「姑の、天下三分の計 2」
 関羽×劉備


「この時代の職場環境劣悪さを訴えるには、どこへ申し出たら良いのだろう」
 真剣に呟きつつ、諸葛亮は回廊を歩いていた。
 何とか趙雲の特訓から逃れることに成功したものの(『殿が呼んでいましたよ』の一言であっさり終わった)、結局趙雲からの誘いはこれ以降も続き、逃げ回る間に諸葛亮のレベルが上がり、戦場で自ら戦える軍師に育つのは、また別の話である。
 すでに午後の職務時間となり、官舎から離れた回廊に人気はなかった。唯一、掃除をしている女官がひとり、せっせと働いているだけだ。
 悩み多き青年は一人で沈思し歩いていたものだから、角で大きなもふっとしたものにぶつかったとき、それが何だか分からなかった。
 黒いフワフワしたもので、さらりとした肌触りがアジアンビューティーなそれに、うっかり和みかけたもののはた、と気付いて顔を上げた。
「げぇー、関羽!」
 急いで後退った。
 諸葛亮が顔を突っ込んだのは、美髯と呼ばれる髯の中だった。思わず口走った言葉に相手への非礼があったが、さすがは諸葛亮で、何事もなかったかのようににこり、と微笑を浮かべて挨拶をした。
「これは関羽殿、大変失礼いたしました。

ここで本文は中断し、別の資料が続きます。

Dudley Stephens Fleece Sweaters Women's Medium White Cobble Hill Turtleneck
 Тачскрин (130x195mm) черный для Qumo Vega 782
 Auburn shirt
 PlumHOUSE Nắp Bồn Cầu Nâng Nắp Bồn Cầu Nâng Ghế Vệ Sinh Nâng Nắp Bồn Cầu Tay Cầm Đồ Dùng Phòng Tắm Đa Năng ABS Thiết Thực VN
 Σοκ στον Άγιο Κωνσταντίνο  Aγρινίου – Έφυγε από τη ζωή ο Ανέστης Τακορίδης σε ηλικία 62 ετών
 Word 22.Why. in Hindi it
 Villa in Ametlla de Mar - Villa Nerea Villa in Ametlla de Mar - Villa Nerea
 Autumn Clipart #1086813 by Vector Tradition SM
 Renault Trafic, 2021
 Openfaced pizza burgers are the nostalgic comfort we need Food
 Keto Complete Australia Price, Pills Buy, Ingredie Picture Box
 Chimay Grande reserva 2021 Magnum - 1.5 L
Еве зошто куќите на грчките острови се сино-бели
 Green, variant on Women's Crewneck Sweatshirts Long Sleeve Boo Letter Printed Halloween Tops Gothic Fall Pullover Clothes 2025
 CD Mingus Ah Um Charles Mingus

少々考え事をしていたもので。お怪我はありませんでしたか」
「貴殿のような優男にぶつかられて、拙者が怪我を負うとでも?」
 こちらは趙雲よりもさらに高い位置に視線があり、見下ろされる、という表現がぴったりだ。ただでさえ威圧感があるのに、この喧嘩腰の態度。初めの頃など怯えていた諸葛亮だったが、今ではむしろ怒りが込み上げるほどだ。
 この髯め。
 顔色ひとつ変えずに、おっしゃるとおりですね、と微笑めたのは奇跡だ。
「頭脳明晰なために、少々人より体が弱い私などに、こうも簡単にぶつかられるのですから、もしかしたら関羽殿のお体の具合が悪いのでは、と案じたのですが、杞憂でした」
 そっちが鈍いからぶつかったんだよ、と暗に含ませつつ答えると、切れ長の関羽の目がすっと細くなった。剣呑とした殺気が光を放っている。
 しまったぁあ〜、と心の中で絶叫するが、後の祭りである。ここ最近のストレスで荒れた心がぽろり、と厭味を口にさせてしまった。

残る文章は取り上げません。